In May, Moeller found himself working with a 28-year-old instead of young players. Tebow, through his agent, learned about Moeller’s work and came to Scottsdale to pursue his dream of playing Major League Baseball.

Moeller crunched his training methods into three months before Tebow, who hadn’t played baseball since he was in high school, held his Major League showcase in August. Tebow signed a minor-league contract with the New York Mets earlier this month.

“[Tebow] had trust in me the first day, which meant a lot to me, because he doesn’t know me from anybody,” Moeller said. “He’s just trusting that I’m going to be the right answer for him to make this move in an industry that he hasn’t done and he’s gonna trust that what I tell him to do is right and that was a little humbling.”

Not a Mentor

Now that he’s been coaching [athletes] for six years, Moeller appreciates the relationships he’s built with the kids on his teams, but hates being called their mentor.

For Moeller, the rapport between a coach and an athlete gives the game and his job purpose.

“There’s different parts that really start to help me as far as growing more as a person and as a coach, and it’s those relationships that really do it,” Moeller said. “The baseball part, I mean, that’s never really going to change.”

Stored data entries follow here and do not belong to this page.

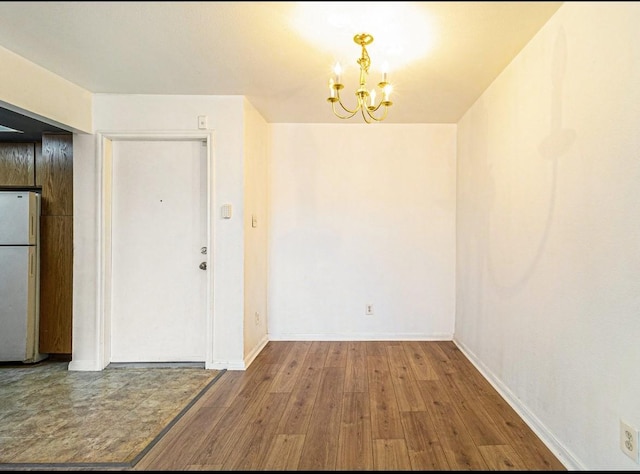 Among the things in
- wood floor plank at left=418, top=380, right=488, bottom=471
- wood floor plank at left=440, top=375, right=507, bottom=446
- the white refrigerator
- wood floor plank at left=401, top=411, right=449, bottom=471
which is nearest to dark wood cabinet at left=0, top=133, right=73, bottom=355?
the white refrigerator

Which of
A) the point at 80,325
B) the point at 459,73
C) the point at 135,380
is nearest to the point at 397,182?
the point at 459,73

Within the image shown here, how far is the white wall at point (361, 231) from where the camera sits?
364cm

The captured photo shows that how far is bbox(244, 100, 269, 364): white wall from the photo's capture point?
9.74 feet

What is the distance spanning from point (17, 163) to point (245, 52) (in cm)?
273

Chad Moeller throws batting practice during a Team Dinger workout.(Photo by Trisha Garcia/Cronkite News)

Chad Moeller throws batting practice during a Team Dinger workout.(Photo by Trisha Garcia/Cronkite News)

Team Dinger’s Evan Kelley said his three years with Chad Moeller Baseball have been about the environment as much as the baseball experience.

“He’s really interactive with his kids,” Evan, 14, said. “He really knows how to cheer them up if they’re down and he knows how to talk to them right and teach them whatever they need to know.”

Moeller’s coach-athlete relationships give him the sense that what he is doing matters beyond an improved batting average or a college recommendation letter.

“I want to see some of these kids start playing for me when they’re 10 or 11, and I want to see them graduate from high school,” Moeller said. “I want to see these kids make this full spectrum of growing up and knowing that I’ve been able to have an impact that is incredibly important for me.”

Life after baseball is a teaching point for Moeller, who graduated from Upland High School in Southern California before attending USC as an economics major.

He works with approximately 1,500 athletes between his clinics, lessons and teams. Moeller is familiar with the odds of any of those players being drafted and making a Major League roster.

“You’re going to be a former baseball player longer than (you were) a current baseball player,” Moeller said. “No matter what, baseball ends, or whatever sport it is ends at some point … so that’s the goal, use baseball to teach them life lessons.”